Indiana bats have found a home in a cave about 3,000 feet from one of five wind turbines proposed for Mount Equinox, and that’s close enough to cause concern, said Scott Darling, a biologist with the state Agency of Natural Resources.

Obtaining a federal Fish and Wildlife permit for construction deemed likely to interfere with their habitat is no simple thing, and could take as long as two or three years, he said.

The problem is compounded because there is extremely little reliable scientific data on how wind farms affect bat behavior, he said Tuesday.

"We’re very early in understanding the conflicts between bats and wind farms," he said. "The U.S. Fish and Wildlife permit is not easily achieved — we’ll have to provide enough information on the level of threat to the Indiana bat."

The Equinox project is unique among wind farms in Vermont because it is the only one proposed to be sited that close to a bat habitat, a problem compounded by the bats’ endangered species status, he said.

But Harley Lee, president of Endless Energy Corp. of Yarmouth, Maine, the developer of the proposed five-turbine Equinox wind farm, said the situation should not be a showstopper.

Endless Energy does not need that permit in hand before anticipated construction next summer, Lee said. By that time, he hopes to obtain approval from the state Public Service Board for the project, he said.

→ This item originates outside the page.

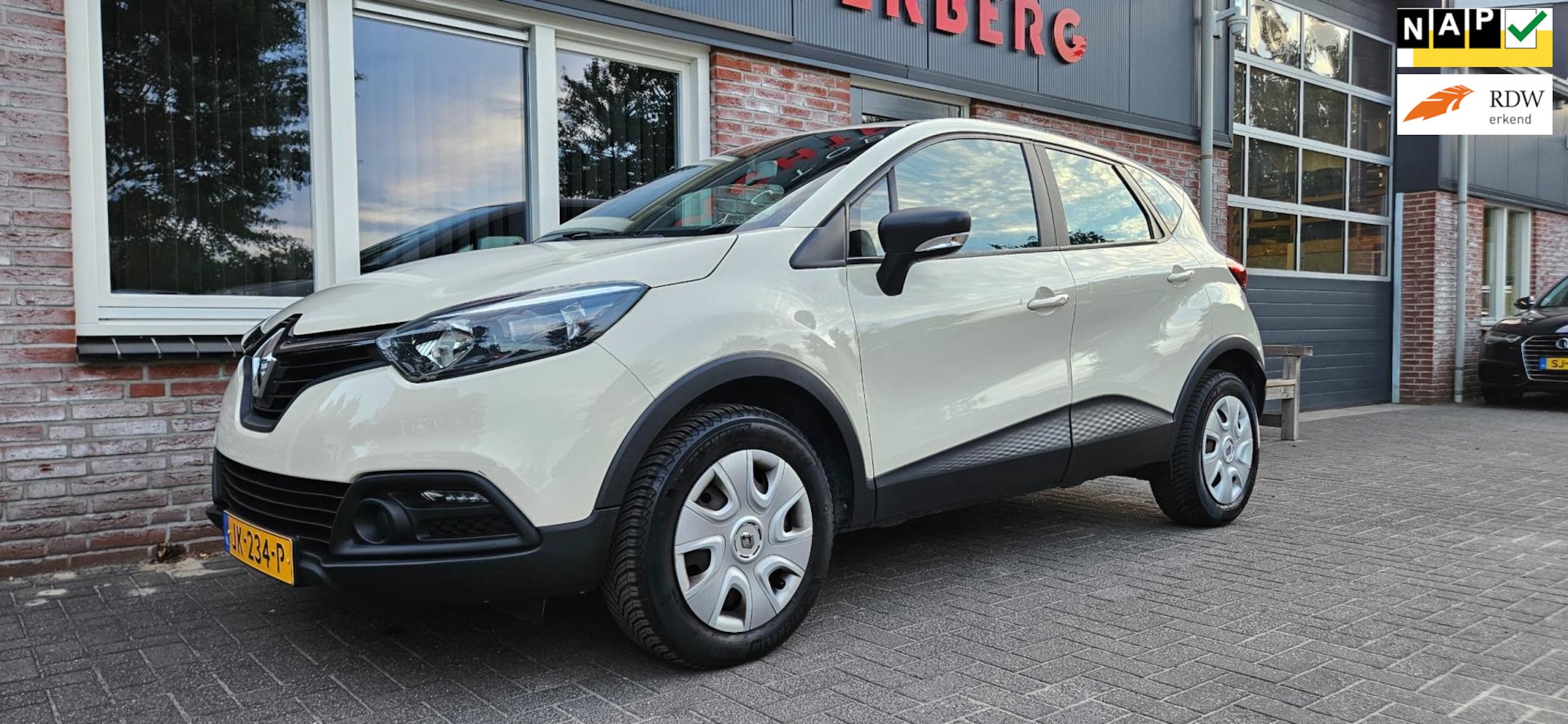 Renault Captur - 0.9 TCe Authentique Airco! Cruise Control! Dealer Onderhouden! NAP! Nette Auto! - AutoWereld.nl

However, Lee’s firm intended to develop a habitat conservation plan to mitigate harmful effects on the bat population that could be linked to the wind farm, he said.

"We’ll work with the regulators to monitor the impacts and make adjustments," he said. "It’s an unpredictable process, and it’s dealing with the federal bureaucracy, so it may take time."

The issue of the endangered bats dominated a meeting of the Manchester Planning Commission Monday night, which held the second in a series of four public forums on the proposed wind project.

Research on the effect wind turbine blades have on bats is still preliminary, but enough results are in to raise red flags, according to information presented by Darling and Forrest Hammond, a district wildlife biologist with the Agency of Natural Resources.

"Wind farms are fairly new to us," Hammond said. "We have to look at the rest of the country to see what has happened and the conflicts with wildlife."

At wind farms in Pennsylvania and West Virginia, studies conducted during 2004 showed an unusually high level of bat fatalities — more than 700 bats from seven different species were killed during a six-week period that summer, the biologists said.

But results varied at different wind farms and no conclusive findings have yet been drawn by the scientific community, Darling said.

Wind farms will kill bats, although scientists did not know why. Most of the deaths seemed to occur during periods when the winds were not blowing strongly, he said.

The question is what is an acceptable number of deaths that can be tied to a wind farm, he said.

Scott Reynolds, a bat consultant hired by Endless Energy to analyze the effect of the wind farm on the local population, estimated that 200 bats might be killed annually by the turbines. But the region around Equinox is a rich bat habitat, and that was not a large enough number to threaten the survival of bats in general, he said.

A related question is whether a disproportionately high number may be the nearby and endangered Indiana bat, he said.

Other experts presented data at the meeting on the dangers posed to migratory birds and rare and unusual plants and vegetation, but those threats were deemed relatively minor.

With so little firm data to go on, at some point the state will need to make its best determination on the basis of the information available, said Lee Krohn, Manchester’s planning director.

While the issue with the bats is significant, it also needed to be looked at from a big-picture standpoint, he said.

"We need to consider how many bats will be killed by the turbines, but we also need to consider how many are being killed by other environmental impacts," he said. "We’re killing trees all over Vermont because of fossil fuel consumption in the Midwest."

Contact Andrew McKeever at andrew.mckeever@rutlandherald.com

http://www.rutlandherald.com/apps/pbcs.dll/article?AID=/20051130/NEWS/511300352/1003

This article is the work of the source indicated. Any opinions expressed in it are not necessarily those of National Wind Watch.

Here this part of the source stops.